Each line of the data should be transcribed exactly as given.

>>

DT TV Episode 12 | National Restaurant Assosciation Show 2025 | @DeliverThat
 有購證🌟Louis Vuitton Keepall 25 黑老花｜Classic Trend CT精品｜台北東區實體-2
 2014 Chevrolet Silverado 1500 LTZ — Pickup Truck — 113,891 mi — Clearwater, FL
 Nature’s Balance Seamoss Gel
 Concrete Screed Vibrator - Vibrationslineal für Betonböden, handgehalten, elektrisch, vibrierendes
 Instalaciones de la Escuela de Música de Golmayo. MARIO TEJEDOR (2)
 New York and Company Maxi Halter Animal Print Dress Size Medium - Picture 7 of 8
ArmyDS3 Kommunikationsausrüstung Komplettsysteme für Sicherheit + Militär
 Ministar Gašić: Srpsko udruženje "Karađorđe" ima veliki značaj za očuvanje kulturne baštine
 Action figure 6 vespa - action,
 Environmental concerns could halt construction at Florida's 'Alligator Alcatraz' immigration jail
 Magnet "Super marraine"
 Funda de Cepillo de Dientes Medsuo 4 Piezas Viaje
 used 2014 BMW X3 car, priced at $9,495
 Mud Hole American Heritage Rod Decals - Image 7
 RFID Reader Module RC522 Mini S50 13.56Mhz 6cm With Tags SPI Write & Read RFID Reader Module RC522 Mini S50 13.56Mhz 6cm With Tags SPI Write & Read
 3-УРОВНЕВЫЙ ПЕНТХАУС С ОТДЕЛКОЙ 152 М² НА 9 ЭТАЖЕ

<<

- [Solved problem]:
DT TV Episode 12 | National Restaurant Assosciation Show 2025 | @DeliverThat
 有購證🌟Louis Vuitton Keepall 25 黑老花｜Classic Trend CT精品｜台北東區實體-2
 2014 Chevrolet Silverado 1500 LTZ — Pickup Truck — 113,891 mi — Clearwater, FL
 Nature’s Balance Seamoss Gel
 Concrete Screed Vibrator - Vibrationslineal für Betonböden, handgehalten, elektrisch, vibrierendes
 Instalaciones de la Escuela de Música de Golmayo. MARIO TEJEDOR (2)
 New York and Company Maxi Halter Animal Print Dress Size Medium - Picture 7 of 8
ArmyDS3 Kommunikationsausrüstung Komplettsysteme für Sicherheit + Militär
 Ministar Gašić: Srpsko udruženje "Karađorđe" ima veliki značaj za očuvanje kulturne baštine
 Action figure 6 vespa - action,
 Environmental concerns could halt construction at Florida's 'Alligator Alcatraz' immigration jail
 Magnet "Super marraine"
 Funda de Cepillo de Dientes Medsuo 4 Piezas Viaje
 used 2014 BMW X3 car, priced at $9,495
 Mud Hole American Heritage Rod Decals - Image 7
 RFID Reader Module RC522 Mini S50 13.56Mhz 6cm With Tags SPI Write & Read RFID Reader Module RC522 Mini S50 13.56Mhz 6cm With Tags SPI Write & Read
 3-УРОВНЕВЫЙ ПЕНТХАУС С ОТДЕЛКОЙ 152 М² НА 9 ЭТАЖЕ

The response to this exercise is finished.